Immigration laws lead to racism

California Assemblyman Tim Donnelly, the only member of the Tea Party in the Assembly, works in his office in Sacramento, California, on February 23, 2011. (Anne Cusack/Los Angeles Times/MCT)

California Assemblyman Tim Donnelly, the only member of the Tea Party in the Assembly, works in his office in Sacramento, California, on February 23, 2011. (Anne Cusack/Los Angeles Times/MCT)

Kelly Walters


There are millions of illegal immigrants in California.

According to the U.S. Department of Homeland Security, Office of Immigration Statistic there was an estimated 2.6 million illegal immigrants residing in California in 2009. In total, illegal immigrants represent about 6.8 percent of the state’s population.

So, it is no wonder Assembly Bill 26, proposed by State Assemblyman Tim Donnelly, R-Twin Peaks, died in committee this month.  In fact, it was probably never really alive.
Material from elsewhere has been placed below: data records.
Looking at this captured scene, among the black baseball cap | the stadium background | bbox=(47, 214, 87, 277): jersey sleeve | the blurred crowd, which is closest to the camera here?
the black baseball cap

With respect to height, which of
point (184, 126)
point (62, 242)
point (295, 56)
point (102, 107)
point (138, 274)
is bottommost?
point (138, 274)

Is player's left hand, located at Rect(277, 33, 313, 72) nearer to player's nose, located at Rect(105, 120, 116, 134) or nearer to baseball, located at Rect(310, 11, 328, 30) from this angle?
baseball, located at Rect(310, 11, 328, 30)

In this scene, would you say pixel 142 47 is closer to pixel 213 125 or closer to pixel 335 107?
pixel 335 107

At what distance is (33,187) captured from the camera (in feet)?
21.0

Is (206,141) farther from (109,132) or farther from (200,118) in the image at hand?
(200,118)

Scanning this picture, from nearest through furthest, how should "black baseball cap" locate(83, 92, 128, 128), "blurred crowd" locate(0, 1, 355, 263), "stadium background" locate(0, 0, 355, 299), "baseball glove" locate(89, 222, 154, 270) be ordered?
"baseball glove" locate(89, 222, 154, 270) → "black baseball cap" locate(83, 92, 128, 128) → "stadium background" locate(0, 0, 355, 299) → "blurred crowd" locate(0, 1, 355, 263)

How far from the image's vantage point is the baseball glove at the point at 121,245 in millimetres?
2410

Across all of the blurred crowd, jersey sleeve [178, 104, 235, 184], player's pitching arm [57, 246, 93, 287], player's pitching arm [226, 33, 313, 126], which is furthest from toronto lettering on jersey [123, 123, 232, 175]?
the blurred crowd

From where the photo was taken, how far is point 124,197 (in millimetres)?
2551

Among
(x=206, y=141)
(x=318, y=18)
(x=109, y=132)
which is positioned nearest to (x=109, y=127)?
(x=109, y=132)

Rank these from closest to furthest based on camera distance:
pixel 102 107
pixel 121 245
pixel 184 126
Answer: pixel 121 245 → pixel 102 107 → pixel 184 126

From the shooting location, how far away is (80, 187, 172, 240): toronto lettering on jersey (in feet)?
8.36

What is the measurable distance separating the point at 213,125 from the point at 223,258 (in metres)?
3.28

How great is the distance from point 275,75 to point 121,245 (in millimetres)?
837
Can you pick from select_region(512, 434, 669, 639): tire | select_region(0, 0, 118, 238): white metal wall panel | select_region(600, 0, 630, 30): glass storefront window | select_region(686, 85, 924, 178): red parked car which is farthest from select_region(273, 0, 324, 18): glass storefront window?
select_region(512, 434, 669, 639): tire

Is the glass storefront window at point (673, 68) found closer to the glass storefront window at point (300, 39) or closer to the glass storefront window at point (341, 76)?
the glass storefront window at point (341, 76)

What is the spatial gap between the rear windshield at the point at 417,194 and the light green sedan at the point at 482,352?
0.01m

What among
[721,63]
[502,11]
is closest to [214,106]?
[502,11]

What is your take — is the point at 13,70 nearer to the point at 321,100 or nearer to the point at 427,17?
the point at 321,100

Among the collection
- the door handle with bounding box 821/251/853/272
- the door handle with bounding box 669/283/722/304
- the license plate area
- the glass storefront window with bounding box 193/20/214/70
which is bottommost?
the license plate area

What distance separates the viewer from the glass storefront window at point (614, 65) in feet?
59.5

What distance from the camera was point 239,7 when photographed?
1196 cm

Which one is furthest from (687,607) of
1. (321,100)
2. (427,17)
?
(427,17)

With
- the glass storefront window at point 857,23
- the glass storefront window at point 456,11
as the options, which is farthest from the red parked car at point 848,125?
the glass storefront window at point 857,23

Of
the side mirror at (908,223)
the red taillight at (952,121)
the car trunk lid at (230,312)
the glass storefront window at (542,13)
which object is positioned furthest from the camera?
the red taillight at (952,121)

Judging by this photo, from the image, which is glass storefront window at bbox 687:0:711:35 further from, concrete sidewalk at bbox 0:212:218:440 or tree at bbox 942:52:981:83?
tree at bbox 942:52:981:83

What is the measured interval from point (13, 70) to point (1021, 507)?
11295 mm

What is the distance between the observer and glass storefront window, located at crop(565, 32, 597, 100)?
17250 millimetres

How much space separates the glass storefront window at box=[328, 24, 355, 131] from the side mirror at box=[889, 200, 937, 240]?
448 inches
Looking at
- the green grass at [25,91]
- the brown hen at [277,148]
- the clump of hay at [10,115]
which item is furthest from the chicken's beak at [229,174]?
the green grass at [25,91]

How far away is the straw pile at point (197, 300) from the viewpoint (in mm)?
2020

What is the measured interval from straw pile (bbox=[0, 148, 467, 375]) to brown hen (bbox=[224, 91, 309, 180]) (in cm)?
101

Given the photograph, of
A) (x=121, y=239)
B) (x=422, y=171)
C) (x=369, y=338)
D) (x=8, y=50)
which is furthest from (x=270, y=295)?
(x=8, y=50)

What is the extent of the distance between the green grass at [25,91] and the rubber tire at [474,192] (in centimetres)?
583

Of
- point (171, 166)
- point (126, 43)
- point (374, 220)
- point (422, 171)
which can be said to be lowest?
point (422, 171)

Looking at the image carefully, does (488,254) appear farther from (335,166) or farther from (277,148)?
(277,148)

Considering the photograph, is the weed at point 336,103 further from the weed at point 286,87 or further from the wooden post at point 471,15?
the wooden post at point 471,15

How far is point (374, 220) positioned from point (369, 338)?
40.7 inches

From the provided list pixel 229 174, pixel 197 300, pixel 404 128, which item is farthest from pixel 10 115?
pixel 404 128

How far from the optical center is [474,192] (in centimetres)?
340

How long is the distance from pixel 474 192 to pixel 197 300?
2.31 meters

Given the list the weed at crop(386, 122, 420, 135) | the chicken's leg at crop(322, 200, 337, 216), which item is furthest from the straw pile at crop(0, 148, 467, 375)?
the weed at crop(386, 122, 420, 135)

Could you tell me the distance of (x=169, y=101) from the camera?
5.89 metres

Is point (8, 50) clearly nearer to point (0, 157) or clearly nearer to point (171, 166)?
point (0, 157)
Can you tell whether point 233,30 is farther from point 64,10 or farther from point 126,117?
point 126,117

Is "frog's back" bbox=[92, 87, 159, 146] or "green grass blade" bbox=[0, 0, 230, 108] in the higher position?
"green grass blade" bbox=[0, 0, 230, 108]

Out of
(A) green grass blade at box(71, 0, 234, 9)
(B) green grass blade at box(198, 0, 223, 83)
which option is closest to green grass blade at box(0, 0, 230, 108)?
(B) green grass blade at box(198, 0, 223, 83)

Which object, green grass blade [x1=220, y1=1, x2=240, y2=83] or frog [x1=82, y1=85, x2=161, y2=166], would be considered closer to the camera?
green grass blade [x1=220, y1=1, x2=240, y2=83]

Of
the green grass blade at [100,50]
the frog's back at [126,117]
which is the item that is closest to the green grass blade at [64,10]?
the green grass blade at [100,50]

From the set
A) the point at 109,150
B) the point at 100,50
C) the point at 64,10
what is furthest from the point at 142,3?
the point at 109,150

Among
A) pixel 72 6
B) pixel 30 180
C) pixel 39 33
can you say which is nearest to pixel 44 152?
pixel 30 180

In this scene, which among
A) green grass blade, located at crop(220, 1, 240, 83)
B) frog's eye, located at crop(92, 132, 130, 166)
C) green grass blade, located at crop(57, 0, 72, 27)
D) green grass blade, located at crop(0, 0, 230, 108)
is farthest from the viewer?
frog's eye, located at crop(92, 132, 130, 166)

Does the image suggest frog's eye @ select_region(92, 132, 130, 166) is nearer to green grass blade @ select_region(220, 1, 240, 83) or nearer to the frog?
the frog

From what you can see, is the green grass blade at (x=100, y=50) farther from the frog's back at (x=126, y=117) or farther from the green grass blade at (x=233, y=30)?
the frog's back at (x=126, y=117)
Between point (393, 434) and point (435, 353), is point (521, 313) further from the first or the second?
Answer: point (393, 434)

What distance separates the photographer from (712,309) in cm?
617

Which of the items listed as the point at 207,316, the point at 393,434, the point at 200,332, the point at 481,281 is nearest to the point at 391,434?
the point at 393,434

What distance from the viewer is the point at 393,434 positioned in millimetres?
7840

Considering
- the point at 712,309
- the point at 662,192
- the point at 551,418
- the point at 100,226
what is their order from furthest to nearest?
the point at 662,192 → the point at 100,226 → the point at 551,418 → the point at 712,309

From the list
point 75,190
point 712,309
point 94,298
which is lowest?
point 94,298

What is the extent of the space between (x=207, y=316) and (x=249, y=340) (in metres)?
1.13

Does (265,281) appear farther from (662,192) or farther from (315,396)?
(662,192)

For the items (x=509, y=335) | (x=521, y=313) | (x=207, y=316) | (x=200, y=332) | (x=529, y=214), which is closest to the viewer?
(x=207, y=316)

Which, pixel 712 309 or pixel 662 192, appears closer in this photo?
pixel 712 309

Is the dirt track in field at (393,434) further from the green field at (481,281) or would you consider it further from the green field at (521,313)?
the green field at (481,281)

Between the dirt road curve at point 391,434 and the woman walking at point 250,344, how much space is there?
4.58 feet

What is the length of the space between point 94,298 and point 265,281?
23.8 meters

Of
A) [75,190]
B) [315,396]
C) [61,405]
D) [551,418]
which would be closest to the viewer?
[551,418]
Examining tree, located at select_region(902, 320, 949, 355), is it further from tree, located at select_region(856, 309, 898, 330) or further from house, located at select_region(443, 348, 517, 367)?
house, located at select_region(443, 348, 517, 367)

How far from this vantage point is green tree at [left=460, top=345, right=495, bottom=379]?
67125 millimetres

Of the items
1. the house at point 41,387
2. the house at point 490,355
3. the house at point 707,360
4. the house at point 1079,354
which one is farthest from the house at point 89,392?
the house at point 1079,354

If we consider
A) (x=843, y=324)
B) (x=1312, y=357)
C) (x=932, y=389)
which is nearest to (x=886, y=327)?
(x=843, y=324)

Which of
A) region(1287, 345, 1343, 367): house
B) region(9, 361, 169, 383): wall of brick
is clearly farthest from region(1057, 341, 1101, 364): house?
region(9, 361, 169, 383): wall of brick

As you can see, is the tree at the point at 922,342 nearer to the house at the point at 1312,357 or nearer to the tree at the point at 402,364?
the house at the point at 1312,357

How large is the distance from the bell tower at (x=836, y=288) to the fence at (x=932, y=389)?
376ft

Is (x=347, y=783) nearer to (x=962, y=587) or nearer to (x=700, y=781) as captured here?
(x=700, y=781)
The bill, similar to that of Arizona’s controversial SB 1070, would have required employers to use the federal E-Verify program to confirm the legal work status of all employees, imposing sanctions on employers who knowingly or intentionally hire undocumented workers.

“Sanctuary cities,” like San Francisco and Los Angeles would have also been barred under the legislation, allowing any citizen to sue his or her local government for operating as a sanctuary city for illegal immigrants.  

AB 26 would have made it a misdemeanor trespass for any illegal immigrant to be on public or private land, reinforcing federal immigration laws which already make it a crime to be in the United States illegally.

The hot-button issue of immigration almost always leads to the same place: racism.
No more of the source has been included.